As empresas de bens de consumo têm enfrentado um momento desafiador, marcado por uma expressiva redução nos gastos dos consumidores. Esse cenário, resultado de fatores econômicos e mudanças no comportamento de compra, tem gerado um impacto significativo nos negócios. À medida que as organizações buscam se adaptar a essa nova realidade, torna-se essencial entender as causas e consequências desse fenômeno para desenvolver estratégias eficazes que possam garantir a sustentabilidade e o crescimento em tempos de incerteza.
Diante disso, o desafios das empresas de bens e consumo é retomar o crescimento em volume após um expressivo aumento de preços em 2023, impulsionado pela inflação. Isso foi indicado no “Relatório Global de Bens de Consumo” da consultoria Bain & Company, que destaca a limitação para novos reajustes de preços e cortes de custos, exigindo que as organizações revisem seus conceitos e estratégias. A consultoria global entrevistou mais de 120 executivos seniores de diferentes regiões do mundo para captar suas percepções sobre como restaurar valor e lucratividade ao setor.
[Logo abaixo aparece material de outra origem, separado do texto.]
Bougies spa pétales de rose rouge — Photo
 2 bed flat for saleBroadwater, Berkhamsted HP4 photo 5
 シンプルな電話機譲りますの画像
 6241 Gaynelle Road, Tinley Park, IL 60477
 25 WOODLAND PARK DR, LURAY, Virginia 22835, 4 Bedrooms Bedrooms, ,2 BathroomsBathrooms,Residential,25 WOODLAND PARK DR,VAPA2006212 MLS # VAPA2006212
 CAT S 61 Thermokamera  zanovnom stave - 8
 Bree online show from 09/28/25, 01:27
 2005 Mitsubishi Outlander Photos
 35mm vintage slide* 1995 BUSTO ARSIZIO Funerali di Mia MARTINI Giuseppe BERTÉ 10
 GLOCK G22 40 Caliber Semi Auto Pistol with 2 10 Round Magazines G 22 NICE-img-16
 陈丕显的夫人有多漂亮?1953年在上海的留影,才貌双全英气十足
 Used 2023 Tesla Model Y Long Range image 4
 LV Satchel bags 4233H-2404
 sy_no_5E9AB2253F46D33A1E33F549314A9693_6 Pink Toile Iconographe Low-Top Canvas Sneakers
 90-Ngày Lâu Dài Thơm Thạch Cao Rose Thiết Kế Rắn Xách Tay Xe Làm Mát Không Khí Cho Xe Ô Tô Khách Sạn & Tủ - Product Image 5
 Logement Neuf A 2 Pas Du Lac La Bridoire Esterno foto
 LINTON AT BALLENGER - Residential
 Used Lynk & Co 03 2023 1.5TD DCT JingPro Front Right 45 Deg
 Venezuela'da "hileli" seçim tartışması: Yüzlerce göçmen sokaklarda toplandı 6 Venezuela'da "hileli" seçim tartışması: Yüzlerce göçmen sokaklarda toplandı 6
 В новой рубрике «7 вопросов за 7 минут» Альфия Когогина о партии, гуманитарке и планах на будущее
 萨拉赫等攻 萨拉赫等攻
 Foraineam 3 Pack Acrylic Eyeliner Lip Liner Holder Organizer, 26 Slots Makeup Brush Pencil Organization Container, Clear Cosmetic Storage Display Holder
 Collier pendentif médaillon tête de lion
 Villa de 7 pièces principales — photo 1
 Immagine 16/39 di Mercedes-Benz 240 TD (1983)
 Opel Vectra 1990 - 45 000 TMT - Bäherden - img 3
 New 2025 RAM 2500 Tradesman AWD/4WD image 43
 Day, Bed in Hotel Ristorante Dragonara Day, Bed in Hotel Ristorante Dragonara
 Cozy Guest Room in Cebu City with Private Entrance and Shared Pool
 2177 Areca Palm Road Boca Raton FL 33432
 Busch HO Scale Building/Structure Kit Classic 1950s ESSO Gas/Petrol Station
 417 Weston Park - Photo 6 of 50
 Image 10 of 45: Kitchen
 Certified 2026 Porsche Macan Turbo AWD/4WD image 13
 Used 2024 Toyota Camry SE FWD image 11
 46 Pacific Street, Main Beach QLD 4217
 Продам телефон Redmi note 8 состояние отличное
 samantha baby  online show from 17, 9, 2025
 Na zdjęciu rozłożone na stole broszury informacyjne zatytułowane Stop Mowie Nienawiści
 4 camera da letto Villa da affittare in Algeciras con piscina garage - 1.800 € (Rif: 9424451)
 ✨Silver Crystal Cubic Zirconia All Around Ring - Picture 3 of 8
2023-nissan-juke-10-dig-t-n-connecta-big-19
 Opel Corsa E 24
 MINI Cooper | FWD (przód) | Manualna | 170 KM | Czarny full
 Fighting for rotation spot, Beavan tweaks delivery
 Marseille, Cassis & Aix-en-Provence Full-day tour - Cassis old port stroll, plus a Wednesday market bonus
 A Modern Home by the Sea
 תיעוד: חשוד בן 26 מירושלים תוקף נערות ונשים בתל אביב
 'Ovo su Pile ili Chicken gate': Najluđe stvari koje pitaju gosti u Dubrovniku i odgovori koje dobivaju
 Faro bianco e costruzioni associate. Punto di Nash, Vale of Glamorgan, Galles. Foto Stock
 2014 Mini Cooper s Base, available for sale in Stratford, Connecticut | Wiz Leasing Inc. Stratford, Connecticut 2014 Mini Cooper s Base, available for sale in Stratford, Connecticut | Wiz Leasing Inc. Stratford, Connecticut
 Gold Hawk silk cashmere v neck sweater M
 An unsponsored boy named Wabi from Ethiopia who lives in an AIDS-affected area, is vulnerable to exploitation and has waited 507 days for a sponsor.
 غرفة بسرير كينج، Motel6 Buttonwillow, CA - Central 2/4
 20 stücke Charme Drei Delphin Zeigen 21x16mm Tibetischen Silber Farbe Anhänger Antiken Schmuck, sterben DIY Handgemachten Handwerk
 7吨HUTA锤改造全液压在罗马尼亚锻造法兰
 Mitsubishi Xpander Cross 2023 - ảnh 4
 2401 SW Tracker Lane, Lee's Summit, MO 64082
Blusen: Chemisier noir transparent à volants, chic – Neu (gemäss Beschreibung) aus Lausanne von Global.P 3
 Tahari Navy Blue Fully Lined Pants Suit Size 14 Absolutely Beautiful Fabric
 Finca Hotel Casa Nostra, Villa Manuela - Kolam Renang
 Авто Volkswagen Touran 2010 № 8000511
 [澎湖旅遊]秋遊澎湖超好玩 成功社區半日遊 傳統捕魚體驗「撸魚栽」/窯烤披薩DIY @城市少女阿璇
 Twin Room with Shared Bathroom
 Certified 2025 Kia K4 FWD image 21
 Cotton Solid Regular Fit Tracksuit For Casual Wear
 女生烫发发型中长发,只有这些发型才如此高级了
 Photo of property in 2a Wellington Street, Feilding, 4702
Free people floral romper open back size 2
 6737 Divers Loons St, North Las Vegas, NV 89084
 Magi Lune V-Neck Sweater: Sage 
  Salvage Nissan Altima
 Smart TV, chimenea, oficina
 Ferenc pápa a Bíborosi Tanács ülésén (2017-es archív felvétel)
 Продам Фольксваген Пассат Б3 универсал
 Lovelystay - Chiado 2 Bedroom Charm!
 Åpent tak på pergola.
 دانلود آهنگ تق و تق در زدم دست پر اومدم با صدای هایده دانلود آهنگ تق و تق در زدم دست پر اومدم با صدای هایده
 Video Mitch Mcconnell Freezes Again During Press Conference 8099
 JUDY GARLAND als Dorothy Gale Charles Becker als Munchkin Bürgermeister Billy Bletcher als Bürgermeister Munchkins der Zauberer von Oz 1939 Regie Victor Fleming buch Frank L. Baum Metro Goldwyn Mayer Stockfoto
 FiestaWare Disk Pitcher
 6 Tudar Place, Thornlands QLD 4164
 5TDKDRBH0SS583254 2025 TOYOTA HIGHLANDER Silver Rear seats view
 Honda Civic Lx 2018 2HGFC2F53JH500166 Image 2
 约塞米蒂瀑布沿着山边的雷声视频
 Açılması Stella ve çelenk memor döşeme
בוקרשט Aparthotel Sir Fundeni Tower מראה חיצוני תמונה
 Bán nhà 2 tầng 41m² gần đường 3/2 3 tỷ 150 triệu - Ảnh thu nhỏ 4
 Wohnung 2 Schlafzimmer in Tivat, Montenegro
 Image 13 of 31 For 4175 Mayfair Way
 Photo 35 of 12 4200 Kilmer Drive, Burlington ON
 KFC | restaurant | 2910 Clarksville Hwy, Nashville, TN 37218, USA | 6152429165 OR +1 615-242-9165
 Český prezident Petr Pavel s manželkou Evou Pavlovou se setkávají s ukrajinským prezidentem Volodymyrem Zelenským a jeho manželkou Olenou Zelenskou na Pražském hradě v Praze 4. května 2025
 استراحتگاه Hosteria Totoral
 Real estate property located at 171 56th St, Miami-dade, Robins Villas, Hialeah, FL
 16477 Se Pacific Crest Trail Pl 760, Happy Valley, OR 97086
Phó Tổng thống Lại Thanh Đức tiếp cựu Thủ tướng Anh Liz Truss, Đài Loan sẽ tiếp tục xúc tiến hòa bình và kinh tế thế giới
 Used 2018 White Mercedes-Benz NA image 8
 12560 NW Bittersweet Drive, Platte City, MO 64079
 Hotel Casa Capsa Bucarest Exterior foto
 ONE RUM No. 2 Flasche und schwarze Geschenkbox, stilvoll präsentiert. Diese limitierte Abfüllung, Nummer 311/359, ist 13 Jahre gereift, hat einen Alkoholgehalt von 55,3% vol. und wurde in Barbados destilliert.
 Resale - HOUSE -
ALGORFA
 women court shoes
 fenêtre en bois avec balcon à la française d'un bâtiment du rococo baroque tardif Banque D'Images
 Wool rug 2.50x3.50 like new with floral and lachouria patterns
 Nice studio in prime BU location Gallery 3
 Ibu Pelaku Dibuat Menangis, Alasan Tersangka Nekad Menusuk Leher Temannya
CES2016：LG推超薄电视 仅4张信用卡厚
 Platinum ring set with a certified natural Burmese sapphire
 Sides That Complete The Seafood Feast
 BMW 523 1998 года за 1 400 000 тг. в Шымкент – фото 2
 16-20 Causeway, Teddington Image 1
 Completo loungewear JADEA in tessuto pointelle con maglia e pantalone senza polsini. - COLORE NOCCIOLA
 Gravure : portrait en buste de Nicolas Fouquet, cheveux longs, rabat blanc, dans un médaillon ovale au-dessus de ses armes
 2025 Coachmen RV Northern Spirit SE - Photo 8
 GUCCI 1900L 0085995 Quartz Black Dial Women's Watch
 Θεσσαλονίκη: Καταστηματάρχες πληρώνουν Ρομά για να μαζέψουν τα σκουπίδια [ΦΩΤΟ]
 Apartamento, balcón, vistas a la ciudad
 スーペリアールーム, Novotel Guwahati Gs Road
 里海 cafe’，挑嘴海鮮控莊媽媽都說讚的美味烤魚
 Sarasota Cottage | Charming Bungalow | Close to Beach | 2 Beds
Apesar de 2023 ter registrado um crescimento considerável no setor, há pontos críticos a serem observados. Globalmente, o valor das vendas no varejo (RSV) aumentou quase 10% de 2022 para 2023, mas três quartos desse crescimento se devem ao aumento de preços. Nos Estados Unidos e na Europa, os reajustes de preços foram responsáveis por 95% do crescimento do RSV, enquanto na América Latina essa parcela alcança 85%. Esse cenário reflete, principalmente, o impacto do aumento dos custos e das commodities para as empresas.
Custos de produção
A pesquisa investigou ainda o quanto o aumento dos custos de produção influenciou a desconexão generalizada entre o crescimento dos preços e o volume de vendas. De acordo com 82% dos executivos entrevistados, a inflação teve um impacto significativo em seus negócios.
“De um lado, durante a alta dos preços, os consumidores acentuaram a polarização do consumo, com muitos migrando para marcas mais acessíveis ou para produtos premium em categorias específicas – outros também passaram a comprar menos ou em promoções”, comenta Ricardo de Carli, sócio da Bain e líder da prática de bens de consumo para a América do Sul. “Em contrapartida, os preços não subiram o suficiente e, para reduzir gastos, grande parte das principais companhias do setor está recorrendo a grandes programas de corte de custos para compensar o impacto nas margens”.
Os números do setor refletem essa contradição: enquanto 54% dos executivos relatam ter sido fortemente impactados pela redução dos gastos dos consumidores em 2023, as empresas aumentaram os preços em mais de 20%, em média, desde o terceiro trimestre de 2021. Apesar disso, a margem EBIT média caiu para um dos níveis mais baixos dos últimos 10 anos, atingindo 12,2% no terceiro trimestre de 2023, comparado ao pico de 13% em 2020.
Diante desse cenário, o crescimento sustentável neste novo contexto depende de estratégias como investimentos em mercados emergentes – que ainda oferecem potencial para aumento de volume – e compreensão das novas demandas dos consumidores, que se tornaram mais sofisticados e diversificados. O sucesso nesse ambiente exigirá uma reformulação completa das propostas de valor, dos portfólios e dos modelos de negócios.
IA como vantagem
Investimentos em ESG e tecnologia se destacam como desafios que, se enfrentados com seriedade, podem gerar vantagens competitivas significativas. No que diz respeito à tecnologia, as empresas que liderarem o uso de gestão de dados e Inteligência Artificial (IA) generativa terão uma vantagem, com ganhos evidentes em otimização de tempo, personalização no atendimento e fortalecimento do relacionamento com o consumidor.
A crescente pressão por sustentabilidade exige que as empresas avancem em metas ambientais, sociais e de governança. Atualmente, metade dos consumidores globais considera a sustentabilidade como uma das quatro principais preocupações ao realizar compras. No entanto, apenas 20% dos entrevistados indicam que a proteção ambiental é uma prioridade para 2024. Entre as empresas, cerca de 10% acreditam estar atrás de seus concorrentes em termos de impacto positivo no planeta.
A redefinição da agenda de crescimento é a principal prioridade para o setor de bens de consumo em 2024, e a melhor maneira de alcançar esse objetivo é adotar uma abordagem equilibrada que atenda às necessidades dos consumidores, clientes, colaboradores e do planeta. Para a maioria das organizações, isso exigirá uma transformação completa — do portfólio, das capacidades e das estruturas empresariais. Embora seja um desafio complexo, é possível superá-lo. Com a crescente pressão do mercado, adaptação e inovação serão fundamentais para o sucesso contínuo da indústria de bens de consumo.